Photo Essay

Deer Encounters

Deer Tapestry

I saw them my first night in Yosemite Valley in a tapestry hanging in a room at the Ahwahnee Hotel. The tapestry depicted deer feasting in a forest. It was a beautiful, if familiar, sight. Having grown up in Virginia, where white tailed deer can be as plentiful as blades of grass in a lush field, I'd seen deer numerous times. I used to draw them in elementary school, wearing down the white crayons to paint in the sunlight dappling on the babies. A deer was just a deer with no comparison to park giants like El Capitan, the sequoias, or even the bears. Or so I thought until the next morning.

They crossed the parking lot nibbling on apples and berries. Later I learned that they were mule deer which are larger than the white tailed deer of my youth. That morning I simply thought of them as deer with a capital "D," an archetype of nature, and royal in their bearing. They brushed by close enough to stir the air around all of us who watched with mouths open and cameras clicking away. Only the youngest children reached out to touch them.

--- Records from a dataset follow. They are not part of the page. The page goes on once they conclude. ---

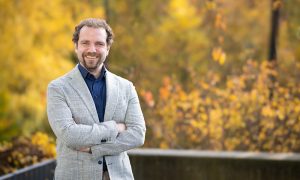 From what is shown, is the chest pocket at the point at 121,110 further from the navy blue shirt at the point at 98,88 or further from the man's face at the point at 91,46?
the man's face at the point at 91,46

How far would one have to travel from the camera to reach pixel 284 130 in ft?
23.0

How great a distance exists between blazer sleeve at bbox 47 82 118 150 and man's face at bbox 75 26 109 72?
225 millimetres

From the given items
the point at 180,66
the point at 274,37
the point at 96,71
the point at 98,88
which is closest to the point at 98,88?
the point at 98,88

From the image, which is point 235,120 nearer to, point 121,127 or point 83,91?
point 121,127

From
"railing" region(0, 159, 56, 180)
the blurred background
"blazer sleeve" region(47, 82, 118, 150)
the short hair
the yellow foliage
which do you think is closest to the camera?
"blazer sleeve" region(47, 82, 118, 150)

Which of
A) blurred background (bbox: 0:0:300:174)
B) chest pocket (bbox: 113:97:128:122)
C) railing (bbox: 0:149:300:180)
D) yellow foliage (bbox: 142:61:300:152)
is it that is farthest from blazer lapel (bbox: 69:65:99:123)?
yellow foliage (bbox: 142:61:300:152)

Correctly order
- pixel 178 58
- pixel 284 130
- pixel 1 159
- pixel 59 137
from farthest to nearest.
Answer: pixel 178 58, pixel 284 130, pixel 1 159, pixel 59 137

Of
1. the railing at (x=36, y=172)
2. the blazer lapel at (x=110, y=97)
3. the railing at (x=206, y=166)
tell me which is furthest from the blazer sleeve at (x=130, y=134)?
the railing at (x=206, y=166)

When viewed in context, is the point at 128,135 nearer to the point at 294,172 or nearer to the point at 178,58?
the point at 294,172

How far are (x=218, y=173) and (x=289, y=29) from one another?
11406mm

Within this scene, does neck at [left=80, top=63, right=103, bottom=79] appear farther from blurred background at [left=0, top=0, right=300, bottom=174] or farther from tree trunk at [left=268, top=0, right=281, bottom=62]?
tree trunk at [left=268, top=0, right=281, bottom=62]

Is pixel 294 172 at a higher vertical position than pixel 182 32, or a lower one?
lower

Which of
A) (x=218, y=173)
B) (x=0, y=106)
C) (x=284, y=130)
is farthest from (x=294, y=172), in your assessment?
(x=0, y=106)

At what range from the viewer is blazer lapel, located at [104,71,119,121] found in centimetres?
341
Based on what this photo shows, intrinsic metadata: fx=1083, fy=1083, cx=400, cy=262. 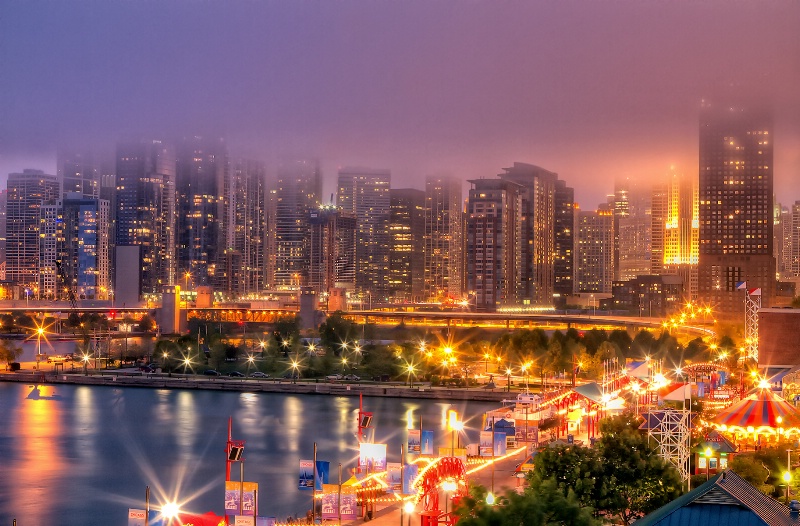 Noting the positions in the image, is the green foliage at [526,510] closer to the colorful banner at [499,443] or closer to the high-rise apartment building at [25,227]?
the colorful banner at [499,443]

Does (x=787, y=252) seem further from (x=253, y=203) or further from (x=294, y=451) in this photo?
(x=294, y=451)

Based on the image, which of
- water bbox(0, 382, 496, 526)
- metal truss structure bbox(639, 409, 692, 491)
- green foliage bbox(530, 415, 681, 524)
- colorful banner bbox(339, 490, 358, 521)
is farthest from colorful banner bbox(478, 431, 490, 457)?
green foliage bbox(530, 415, 681, 524)

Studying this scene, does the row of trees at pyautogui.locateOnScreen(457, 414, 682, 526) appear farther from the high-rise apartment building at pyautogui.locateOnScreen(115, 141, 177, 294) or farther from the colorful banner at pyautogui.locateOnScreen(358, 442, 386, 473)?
the high-rise apartment building at pyautogui.locateOnScreen(115, 141, 177, 294)

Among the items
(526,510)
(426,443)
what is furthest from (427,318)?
(526,510)

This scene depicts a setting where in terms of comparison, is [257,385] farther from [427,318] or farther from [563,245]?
[563,245]

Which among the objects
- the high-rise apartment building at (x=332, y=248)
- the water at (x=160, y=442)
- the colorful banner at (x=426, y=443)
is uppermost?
the high-rise apartment building at (x=332, y=248)

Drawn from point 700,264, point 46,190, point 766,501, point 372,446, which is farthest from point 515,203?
point 766,501

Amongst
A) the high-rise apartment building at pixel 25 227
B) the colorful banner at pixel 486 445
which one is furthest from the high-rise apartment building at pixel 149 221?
the colorful banner at pixel 486 445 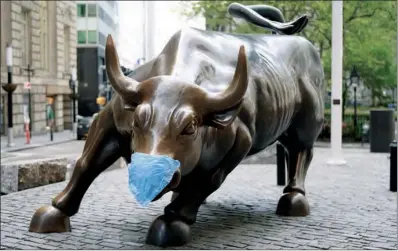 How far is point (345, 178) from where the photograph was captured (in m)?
11.3

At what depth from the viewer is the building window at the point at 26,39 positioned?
3381 cm

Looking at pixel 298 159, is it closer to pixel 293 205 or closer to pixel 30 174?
pixel 293 205

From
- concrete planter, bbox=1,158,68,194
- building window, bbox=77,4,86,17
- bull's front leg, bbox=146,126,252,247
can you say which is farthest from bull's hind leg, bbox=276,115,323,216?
building window, bbox=77,4,86,17

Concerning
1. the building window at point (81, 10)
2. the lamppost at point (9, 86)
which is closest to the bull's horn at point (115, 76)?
the lamppost at point (9, 86)

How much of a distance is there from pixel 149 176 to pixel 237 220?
100 inches

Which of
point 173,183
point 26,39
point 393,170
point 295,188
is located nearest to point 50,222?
point 173,183

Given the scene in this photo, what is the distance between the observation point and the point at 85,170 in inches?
237

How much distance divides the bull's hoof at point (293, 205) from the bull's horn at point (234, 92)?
8.47 feet

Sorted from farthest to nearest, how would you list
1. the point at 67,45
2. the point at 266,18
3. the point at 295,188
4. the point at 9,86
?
the point at 67,45, the point at 9,86, the point at 266,18, the point at 295,188

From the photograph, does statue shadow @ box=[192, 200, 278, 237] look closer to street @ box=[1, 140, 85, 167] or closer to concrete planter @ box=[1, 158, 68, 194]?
concrete planter @ box=[1, 158, 68, 194]

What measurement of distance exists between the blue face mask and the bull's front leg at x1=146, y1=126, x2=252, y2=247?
942 mm

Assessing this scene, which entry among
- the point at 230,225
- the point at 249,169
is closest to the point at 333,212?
the point at 230,225

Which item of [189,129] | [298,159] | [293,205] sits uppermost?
[189,129]

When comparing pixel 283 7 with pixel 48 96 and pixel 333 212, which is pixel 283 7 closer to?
pixel 48 96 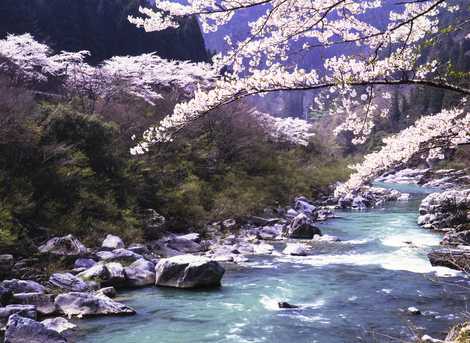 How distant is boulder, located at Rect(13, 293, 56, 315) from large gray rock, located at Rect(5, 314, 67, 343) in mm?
1375

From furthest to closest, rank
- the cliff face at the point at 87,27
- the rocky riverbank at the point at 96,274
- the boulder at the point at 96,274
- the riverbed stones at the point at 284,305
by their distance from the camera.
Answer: the cliff face at the point at 87,27 → the boulder at the point at 96,274 → the riverbed stones at the point at 284,305 → the rocky riverbank at the point at 96,274

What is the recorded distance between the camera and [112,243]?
489 inches

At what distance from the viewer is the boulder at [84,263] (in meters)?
10.6

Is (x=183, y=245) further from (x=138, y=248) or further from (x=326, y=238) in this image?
(x=326, y=238)

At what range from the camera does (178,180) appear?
19.6 m

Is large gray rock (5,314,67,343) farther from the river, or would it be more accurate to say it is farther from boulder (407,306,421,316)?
boulder (407,306,421,316)

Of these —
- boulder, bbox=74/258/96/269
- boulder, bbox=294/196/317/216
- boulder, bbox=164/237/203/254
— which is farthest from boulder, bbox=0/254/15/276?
boulder, bbox=294/196/317/216

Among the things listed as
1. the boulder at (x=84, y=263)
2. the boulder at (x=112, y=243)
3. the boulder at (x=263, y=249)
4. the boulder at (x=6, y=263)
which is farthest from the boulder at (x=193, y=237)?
the boulder at (x=6, y=263)

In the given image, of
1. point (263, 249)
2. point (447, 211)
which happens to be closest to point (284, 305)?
point (263, 249)

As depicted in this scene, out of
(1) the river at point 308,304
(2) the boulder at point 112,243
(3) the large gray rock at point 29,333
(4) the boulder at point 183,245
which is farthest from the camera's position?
(4) the boulder at point 183,245

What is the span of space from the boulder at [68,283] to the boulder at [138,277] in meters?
1.06

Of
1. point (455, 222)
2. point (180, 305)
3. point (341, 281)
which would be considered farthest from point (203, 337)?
point (455, 222)

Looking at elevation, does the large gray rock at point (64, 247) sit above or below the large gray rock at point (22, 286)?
above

It seems near impossible to convey through static images and words the majesty and grace of these creatures. They moved as if they walked in two worlds, theirs and ours, and they did so at a pace that evoked calm not only within me. Cameras clicking and whirring stopped as people simply reveled in the presence of something unique.

After a long while the deer raised their heads to the sky. Velvet-covered antlers glowed with morning sun, and brown hides appeared golden. Solid yet ephemeral at the same time, it seemed quite fitting when they crossed the street and melted into the meadow.